The task: Working through the records below, count the lines that include "Used". The reply is that number alone.
# # # #
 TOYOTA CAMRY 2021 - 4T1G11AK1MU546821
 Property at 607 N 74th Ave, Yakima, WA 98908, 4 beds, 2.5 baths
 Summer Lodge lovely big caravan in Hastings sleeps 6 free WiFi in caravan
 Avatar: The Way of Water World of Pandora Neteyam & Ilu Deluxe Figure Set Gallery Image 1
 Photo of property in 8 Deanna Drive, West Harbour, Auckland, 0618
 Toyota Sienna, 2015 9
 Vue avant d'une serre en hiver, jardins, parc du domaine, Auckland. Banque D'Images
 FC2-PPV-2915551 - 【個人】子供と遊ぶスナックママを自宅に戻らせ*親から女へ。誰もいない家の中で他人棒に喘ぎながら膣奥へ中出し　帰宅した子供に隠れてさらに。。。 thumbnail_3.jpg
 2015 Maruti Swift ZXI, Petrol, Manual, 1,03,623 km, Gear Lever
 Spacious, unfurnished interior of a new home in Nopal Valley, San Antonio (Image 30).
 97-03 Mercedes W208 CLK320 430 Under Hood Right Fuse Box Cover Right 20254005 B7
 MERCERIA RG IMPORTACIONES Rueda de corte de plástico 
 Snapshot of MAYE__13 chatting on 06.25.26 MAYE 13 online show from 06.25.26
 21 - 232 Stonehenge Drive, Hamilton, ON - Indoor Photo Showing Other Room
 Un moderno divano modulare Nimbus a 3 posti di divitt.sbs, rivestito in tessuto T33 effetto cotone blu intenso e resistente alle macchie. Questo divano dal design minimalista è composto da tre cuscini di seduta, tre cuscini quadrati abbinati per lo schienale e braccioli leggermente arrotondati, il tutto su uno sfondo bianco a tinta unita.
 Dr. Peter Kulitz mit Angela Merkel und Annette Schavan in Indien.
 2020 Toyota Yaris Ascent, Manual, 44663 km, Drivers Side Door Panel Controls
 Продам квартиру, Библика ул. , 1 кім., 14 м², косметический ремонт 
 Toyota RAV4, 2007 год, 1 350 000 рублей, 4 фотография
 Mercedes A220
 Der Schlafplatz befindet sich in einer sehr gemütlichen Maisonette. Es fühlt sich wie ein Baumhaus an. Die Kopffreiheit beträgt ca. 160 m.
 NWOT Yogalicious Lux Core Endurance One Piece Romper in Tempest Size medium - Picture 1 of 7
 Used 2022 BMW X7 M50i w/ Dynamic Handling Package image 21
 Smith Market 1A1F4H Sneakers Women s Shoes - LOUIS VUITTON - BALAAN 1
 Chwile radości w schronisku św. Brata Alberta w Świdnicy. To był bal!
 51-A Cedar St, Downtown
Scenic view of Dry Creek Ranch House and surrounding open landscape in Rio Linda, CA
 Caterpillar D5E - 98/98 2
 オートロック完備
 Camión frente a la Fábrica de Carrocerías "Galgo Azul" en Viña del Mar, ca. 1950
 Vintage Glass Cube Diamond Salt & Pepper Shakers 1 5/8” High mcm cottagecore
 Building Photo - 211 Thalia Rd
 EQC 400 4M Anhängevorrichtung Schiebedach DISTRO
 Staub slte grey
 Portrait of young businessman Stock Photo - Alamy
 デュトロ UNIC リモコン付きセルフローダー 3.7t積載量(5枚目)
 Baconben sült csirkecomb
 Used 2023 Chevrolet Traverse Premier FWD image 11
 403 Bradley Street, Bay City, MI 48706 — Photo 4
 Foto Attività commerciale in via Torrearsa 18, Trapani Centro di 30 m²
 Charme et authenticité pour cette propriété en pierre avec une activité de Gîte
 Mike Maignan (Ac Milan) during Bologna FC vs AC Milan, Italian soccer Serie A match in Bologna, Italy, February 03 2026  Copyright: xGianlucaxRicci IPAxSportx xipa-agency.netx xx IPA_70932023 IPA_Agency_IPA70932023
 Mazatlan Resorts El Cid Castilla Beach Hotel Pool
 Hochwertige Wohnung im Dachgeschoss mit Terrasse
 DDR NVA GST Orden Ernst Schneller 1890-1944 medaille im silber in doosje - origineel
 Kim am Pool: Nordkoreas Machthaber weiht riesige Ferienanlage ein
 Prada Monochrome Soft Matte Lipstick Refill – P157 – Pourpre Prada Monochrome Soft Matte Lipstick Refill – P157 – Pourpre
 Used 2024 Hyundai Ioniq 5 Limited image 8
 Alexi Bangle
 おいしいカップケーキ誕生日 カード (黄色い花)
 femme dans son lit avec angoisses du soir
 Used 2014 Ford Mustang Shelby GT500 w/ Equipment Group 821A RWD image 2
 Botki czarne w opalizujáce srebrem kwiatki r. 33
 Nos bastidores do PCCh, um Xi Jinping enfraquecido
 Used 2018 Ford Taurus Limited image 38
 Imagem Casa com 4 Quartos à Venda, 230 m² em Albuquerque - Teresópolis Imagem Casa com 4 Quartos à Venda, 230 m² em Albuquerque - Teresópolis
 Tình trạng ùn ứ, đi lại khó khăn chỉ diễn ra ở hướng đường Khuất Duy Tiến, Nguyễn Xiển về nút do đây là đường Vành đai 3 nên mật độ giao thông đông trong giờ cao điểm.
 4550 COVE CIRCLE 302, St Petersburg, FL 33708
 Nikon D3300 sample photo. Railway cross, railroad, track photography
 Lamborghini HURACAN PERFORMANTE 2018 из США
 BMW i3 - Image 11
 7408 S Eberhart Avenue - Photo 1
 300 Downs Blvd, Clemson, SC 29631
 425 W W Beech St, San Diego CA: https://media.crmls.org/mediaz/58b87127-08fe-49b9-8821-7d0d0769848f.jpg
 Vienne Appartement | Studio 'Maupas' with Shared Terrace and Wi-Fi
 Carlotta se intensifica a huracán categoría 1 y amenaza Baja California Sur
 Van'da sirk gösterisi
# # # #
Task solution: 5